O que é o vírus Nipah que está a espalhar o medo pelo sul da Ásia?
Um recente surto de casos em Bengala Ocidental, na Índia, levou os países vizinhos a reforçarem os exames de saúde, enquanto os cientistas monitorizam o vírus raro, mas mortal, em busca de quaisquer sinais de transmissão entre humanos.
Um recente surto de casos do vírus Nipah em Bengala Ocidental, na Índia, provocou uma nova onda de preocupação em todo o sul e sudeste asiático. As autoridades da Tailândia, Malásia e outros países vizinhos intensificaram as medidas de rastreio nos aeroportos como precaução.
Embora o vírus seja raro, a sua elevada taxa de mortalidade e o potencial de transmissão entre seres humanos tornam a monitorização dos surtos uma prioridade para as autoridades de saúde. Os cientistas estão a acompanhar de perto a situação, enfatizando a vigilância em vez do pânico.
Mas o que é o vírus Nipah e até que ponto as pessoas devem preocupar-se?
O que é o vírus Nipah?
O Nipah é uma infecção viral rara que se transmite principalmente de animais infectados, sobretudo morcegos frugívoros, para seres humanos. Pode ser assintomático, mas é frequentemente muito perigoso, com uma taxa de mortalidade de 40% a 75%, dependendo da capacidade do sistema de saúde local para detetar e tratar os casos, segundo a Organização Mundial da Saúde.
Embora o vírus também possa ser transmitido de pessoa para pessoa, isso não acontece facilmente, e os surtos são geralmente pequenos e bastante contidos, de acordo com especialistas e o Centro Europeu de Prevenção e Controlo de Doenças. Vacinas candidatas estão em desenvolvimento, embora nenhuma tenha sido aprovada ainda.
Quão comum é?
O Nipah foi identificado pela primeira vez na Malásia em 1999. Desde então, tem havido pequenos surtos quase todos os anos, principalmente em Bangladesh. A Índia também tem surtos esporádicos.
Até dezembro, foram registados 750 casos no total, e 415 dos pacientes morreram, de acordo com a Coalition for Epidemic Preparedness Innovations, um grupo que acompanha as ameaças de doenças emergentes e financia o desenvolvimento de ferramentas médicas para proteção contra elas.
Quais são os sintomas?
Os sintomas iniciais do Nipah, como febre, dores de cabeça e dores musculares, não são específicos e podem ser confundidos com outras doenças. Estes podem ser seguidos por sinais neurológicos que indicam encefalite aguda, ou inflamação do cérebro, e algumas pessoas apresentam problemas respiratórios graves.
Os sintomas geralmente aparecem dentro de alguns dias a duas semanas após a exposição, embora tenham sido relatados períodos de incubação mais longos em alguns casos.
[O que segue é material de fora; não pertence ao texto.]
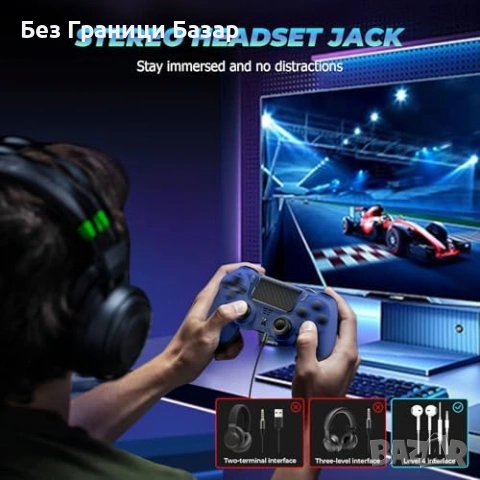 Нов джойстик контролер Bluetooth геймпад за PS4 Slim Pro PC с вибрация и жак 3.5 мм, снимка 7 - Аксесоари - 54131202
As autoridades de saúde afirmam que a deteção precoce é fundamental, uma vez que a doença pode agravar-se rapidamente após o desenvolvimento dos sintomas neurológicos.
Crianças e idosos, bem como pessoas com condições de saúde subjacentes, são considerados de maior risco de desenvolver uma forma grave da doença.
Em casos graves, ocorrem convulsões, que evoluem para coma em poucos dias. A maioria das pessoas que melhoram recupera totalmente, mas algumas apresentam problemas neurológicos a longo prazo.
Devemos preocupar-nos?
Embora o Nipah seja uma doença perigosa com uma alta taxa de mortalidade, ainda não mostrou sinais de se tornar mais transmissível entre humanos ou de se espalhar facilmente pelo mundo, afirmam os cientistas.
O vizinho Paquistão já reforçou a vigilância e o rastreio nas fronteiras como resposta preventiva à situação que se desenrola na Índia, apesar de não ter nenhum caso confirmado de Nipah até o momento.
Que vacinas e tratamentos estão disponíveis?
Atualmente, não há vacinas ou tratamentos aprovados para o Nipah, embora vários candidatos estejam a ser testados, incluindo um desenvolvido por cientistas da Universidade de Oxford envolvidos no desenvolvimento de uma das vacinas contra a COVID-19.
A vacina contra o Nipah utiliza a mesma tecnologia e iniciou a fase II de testes em Bangladesh em dezembro, em colaboração com o Centro Internacional de Investigação de Doenças Diarreicas de Bangladesh e com financiamento da CEPI.